The plane is being flown by Andre Borschberg, the founder of Solar Impulse. There will be a total of two pilots, switching each time one of them tires and needs to rest. The second pilot is the co-founder, Bertrand Piccard. The journey is expected to take months to complete.
With this project, the two pilots wanted to show that it is possible to replace “old polluting technologies with clean and efficient technologies.”
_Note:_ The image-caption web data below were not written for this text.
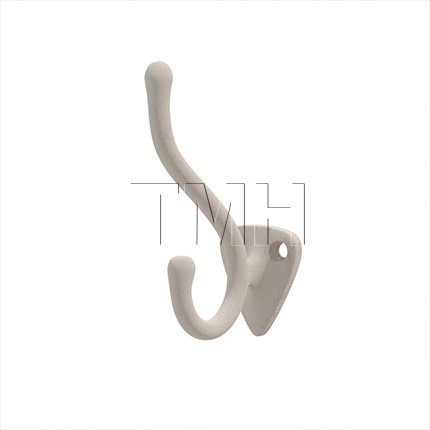 Emtek 86106 Sandcast Bronze Robe Hook TWB Finish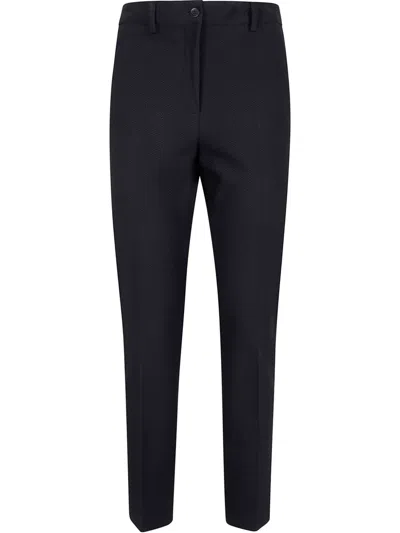 Seventy Slim-cut Trousers In Black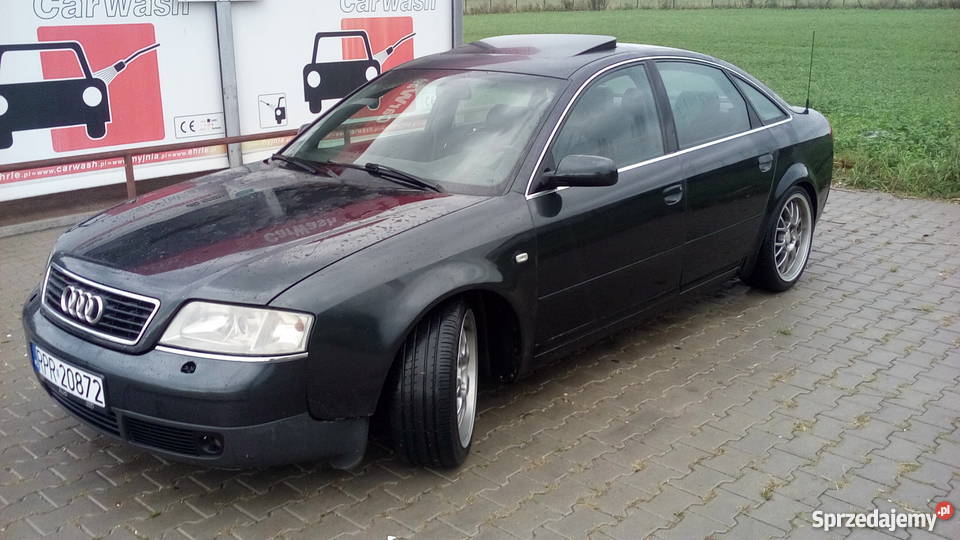 Audi A6C5 28v6 193 lpg regulowane zawieszenie Samochody osobowe lubelskie Zamość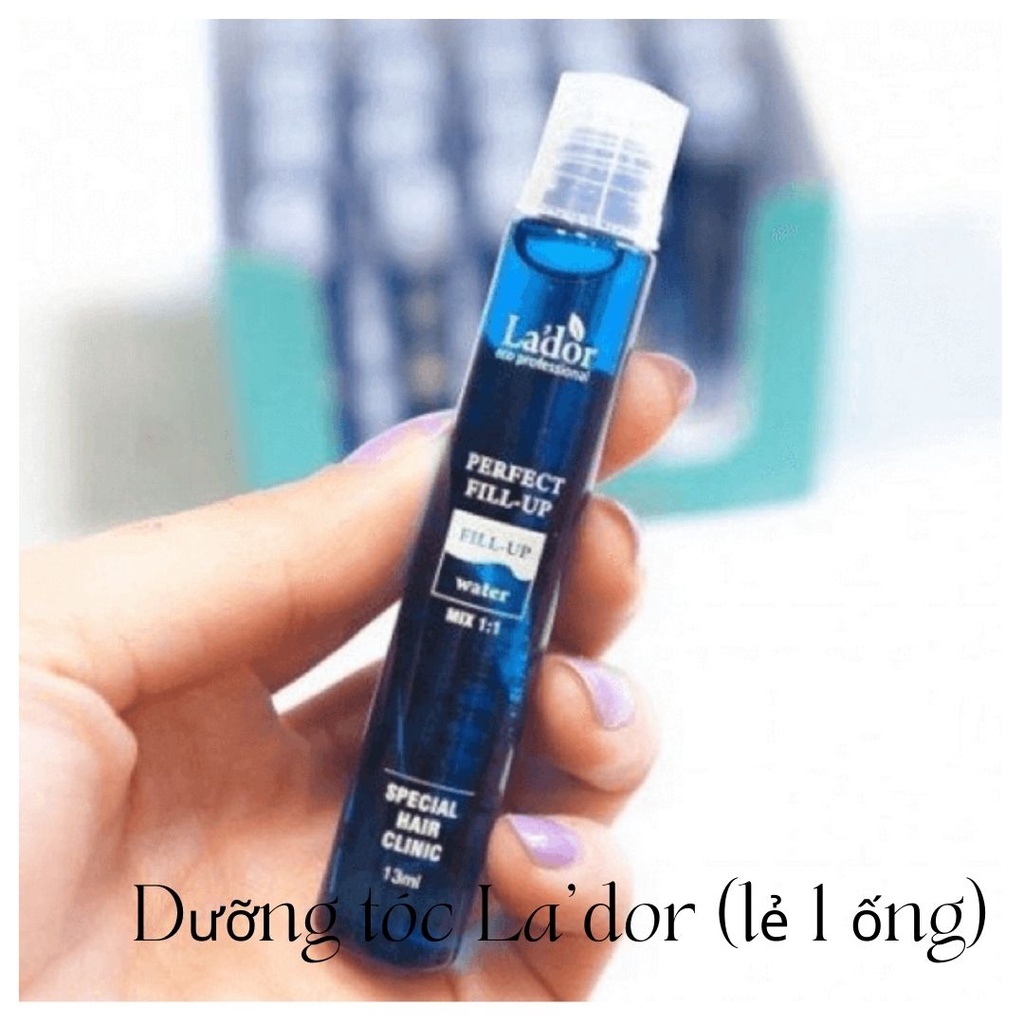 Tinh chất siêu dưỡng phục hồi tóc Lador perfect fill-up ampoule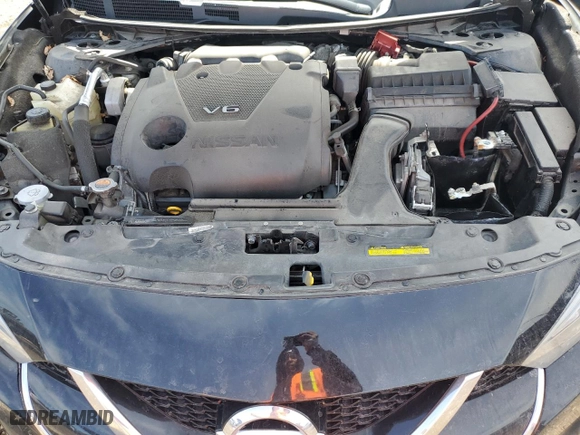 2018 Nissan Maxima SL with VIN 1N4AA6AP3JC405260, listed as a Copart auction lot 48235955 with 68,084 mi miles and Salvage Title. Bid and sale history available at carsss.com. Image 11.
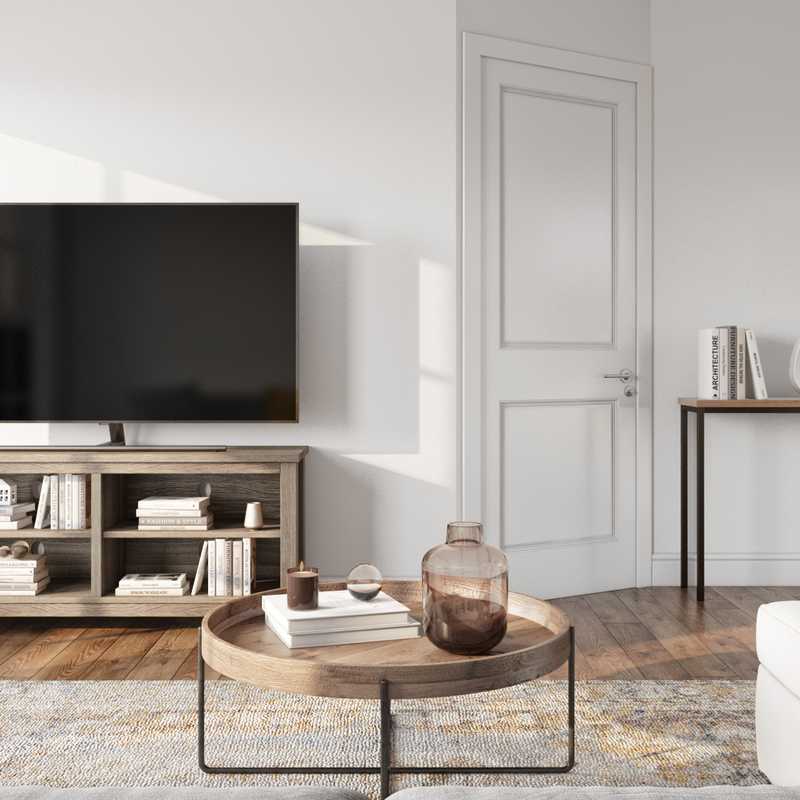 Contemporary, Minimal Playroom Design by Havenly Interior Designer Daniela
The first destination in their trip is Muscat, Oman. It is expected the pilots will need to fly about 10 hours to reach it. The challenge will be even greater when flying over the Pacific and Atlantic oceans as they will need to continuously fly for five or six days straight.
The plane bears the name Solar Impulse 2 as it is the larger, updated version of the first single seat solar-powered aircraft that was tested 5 years ago. It is made out of carbon fiber, having 17,248 cells incorporated into its structure. These cells are used to absorb solar energy which then recharges the plane’s four lithium polymer batteries.
The plane’s wingspan is about 72 meters (or 236 feet), surpassing that of a Boeing 747. It weighs more than 2 tons (2,300 kilograms or 5,070 pounds).
The plane’s debut was in June, when it was used during a two hour flight over Switzerland. This event took place only two months after it had been revealed.
The next destination after Oman is India. There, the plane will make two stops, then head out to China and Myanmar. The biggest and most difficult phase begins here. The two pilots will need to cross the Pacific Ocean to reach Hawaii. From there, the plane will head towards Phoenix, Arizona and then New York’s John F. Kennedy International airport.
The next destination on their itinerary depends on the weather. Crossing the Atlantic Ocean might include a stop in the south of Europe or Morocco before returning to their initial destination: Abu Dhabi.